### Collection entries
Start of Block

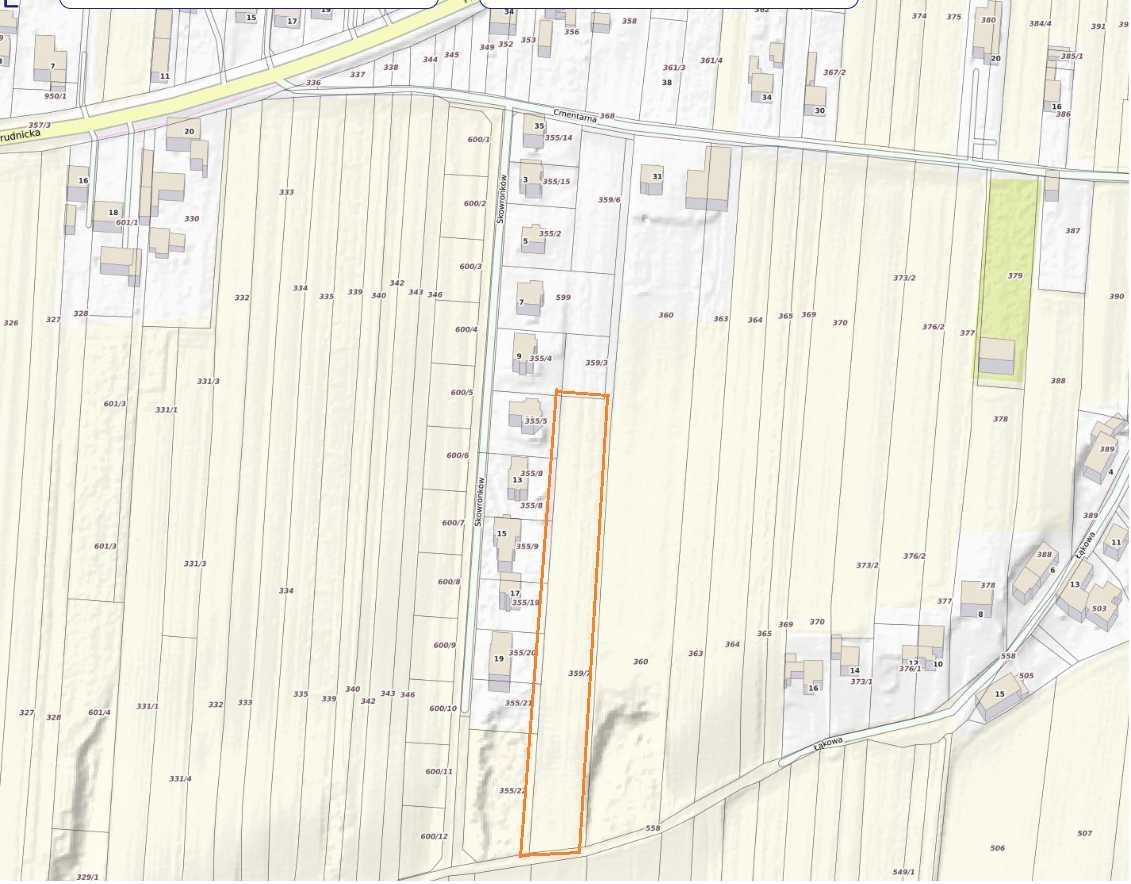 Działka budowlana Steblów, ul. Cmentarna. Zdjęcie 6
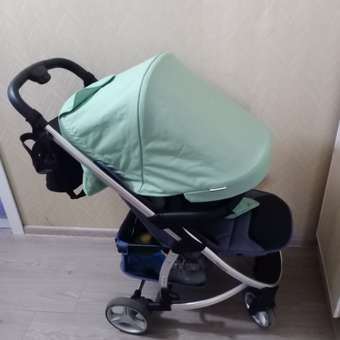 Коляска прогулочная Babyton Cosmo Green: отзыв пользователя Детский Мир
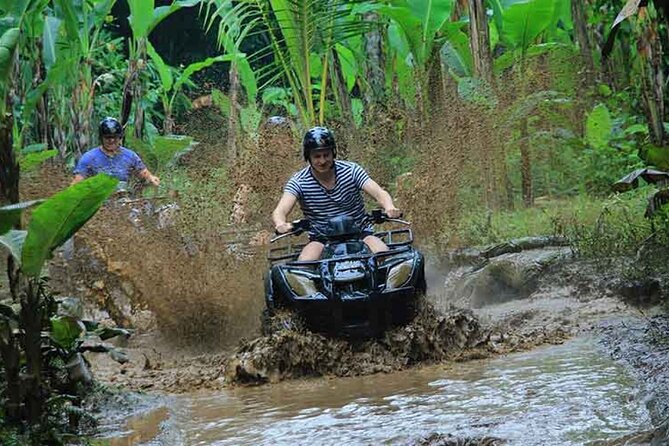 Ubud ATV Quad Bike and Snorkeling at Blue Lagoon Beach - Key highlights at a glance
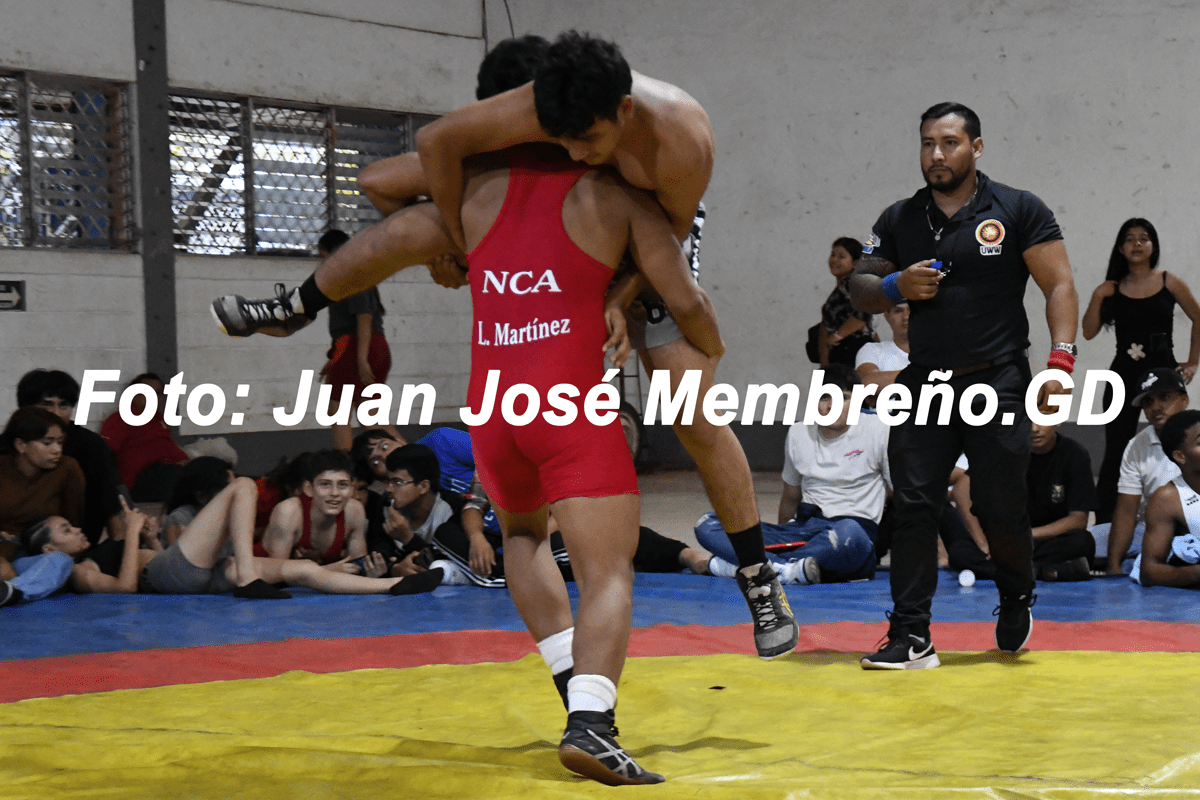 Amplia delegación de lucha olímpica en Copa Pat Shaw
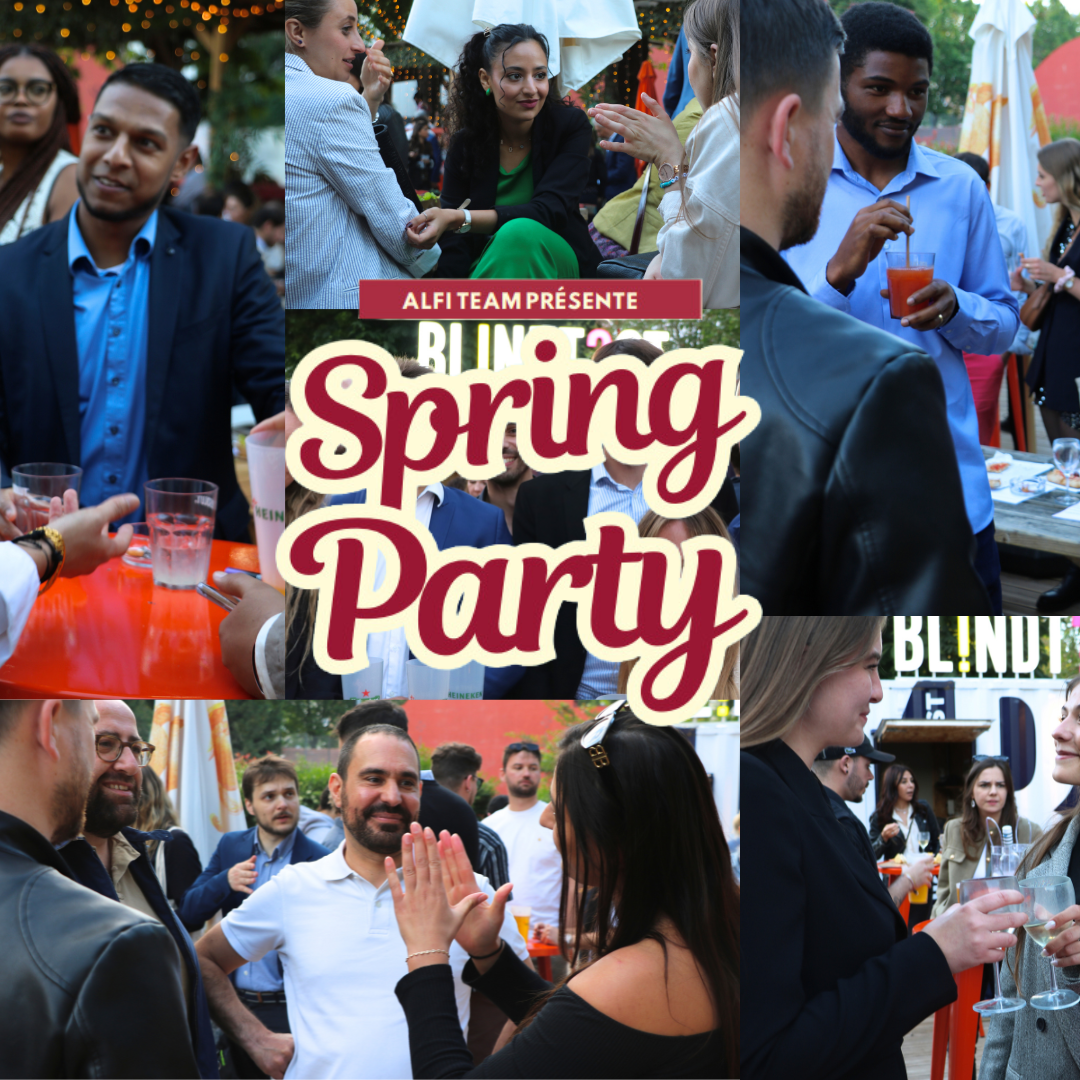 Spring party photos de personnes présentes à l'évènement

End of Block

### Instructions for the task
Output all of the data above exactly; no pictures should appear.

### Solution to this exercise
 Działka budowlana Steblów, ul. Cmentarna. Zdjęcie 6
 Коляска прогулочная Babyton Cosmo Green: отзыв пользователя Детский Мир
 Ubud ATV Quad Bike and Snorkeling at Blue Lagoon Beach - Key highlights at a glance
 Amplia delegación de lucha olímpica en Copa Pat Shaw
 Spring party photos de personnes présentes à l'évènement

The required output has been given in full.